At the roundtable ‘Garment Sector of Bangladesh: Prospect, Problems, Challenges and Way out’ organised by Shippers Council Bangladesh at the Daily Star conference hall in the city, they said compliance with some social issues improved in the garment sector in the last one decade but the infrastructural compliance did not improve properly.
Civil aviation and tourism minister Mohammad Faruk Khan said the garment sector faced huge infrastructural problem due to its rapid growth.
‘We are hopeful that the USA would resume the GSP facility for Bangladesh within the next six months.’
Faruk Khan said the US decision might be an outcome of a conspiracy as Bangladesh was in competition with a number of countries in the sector.
Bangladesh Garment Manufacturers and Exporters Association president Atiqul Islam said, ‘We are improving labour standard as well as the compliance day by day.’

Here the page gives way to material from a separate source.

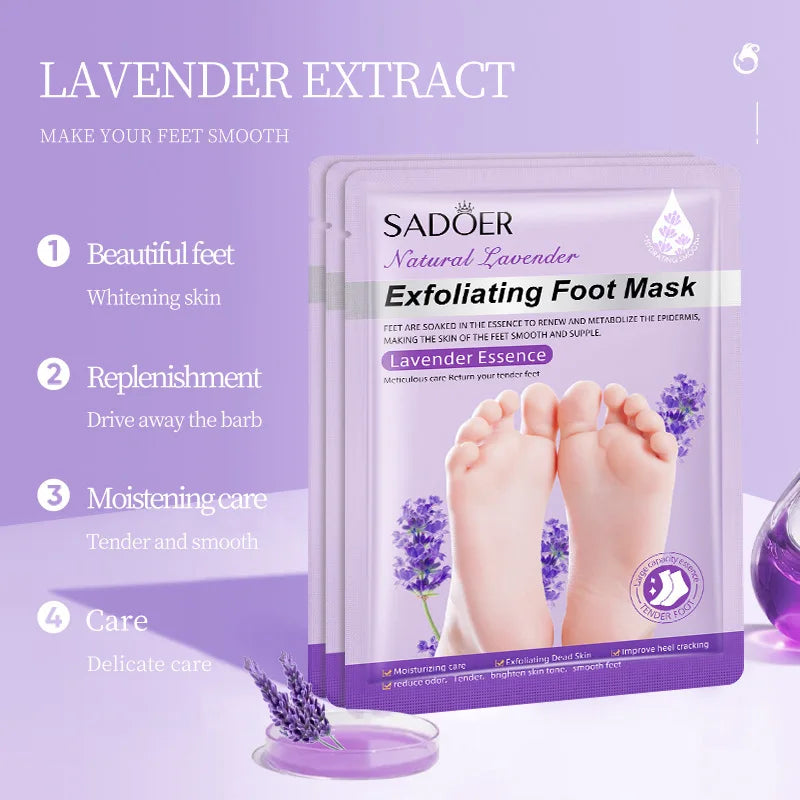 SADOER Exfoliating Foot Peel Mask | Dead Skin Remover Socks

High interest rate of bank loans and high price of land are the main problems in relocating the non-compliant factories to the industrial zone after making them compliant, he said.
Atiq said the suspension of GSP facility in the US market was an outcome of a conspiracy and an overreaction of the USA to the working condition in Bangladesh.
‘We have to work with all other stakeholders to resolve the current crisis in the RMG sector.’
Khondaker Golam Moazzem, additional research director of the Centre for Policy Dialogue, pointed out seven major challenges for the readymade garment sector including unmatched growth of export order and complaint standard, weakness in physical infrastructure, institutional weakness, misconception about cost for maintaining compliance and slow progresses in workers safety and security issue in the keynote paper.
He said that ensuring workers rights particularly workplace safety and trade union rights would be considered to be important to address the challenges.
Moazzem suggested that non-complaint and risky factories should be identified immediately and to give them a timeframe for taking necessary steps in this regard.
Economist MM Akash said he did not think that the country’s garment sector was in risk, rather it was under threat of risk.
He said, ‘The sector will face risk if the workers take streets for their wages and benefits, political turmoil and frequent hartal take place and the major export destination EU suspends GSP facility for Bangladesh.’
Bangladesh Institute of Development Studies senior research fellow Nazneen Ahmed said alongside long-term action plan the government and the BGMEA should implement short-term plan including wage hike.
She suggested that the government and the factory owners should work with the buyers on the compliance issue.
Shippers Council of Bangladesh chairman Nasiruddin Ahmed Chowdhury, vice-chairman Md Rezaul Karim, former president of Chittagong Chamber of Commerce and Industry Farid Ahmed Chowdhury, Jatiya Shromik Jote president Shirin Akhter and Sammilita Garment Sramik Federation president Nazma Akhter also spoke on the occasion.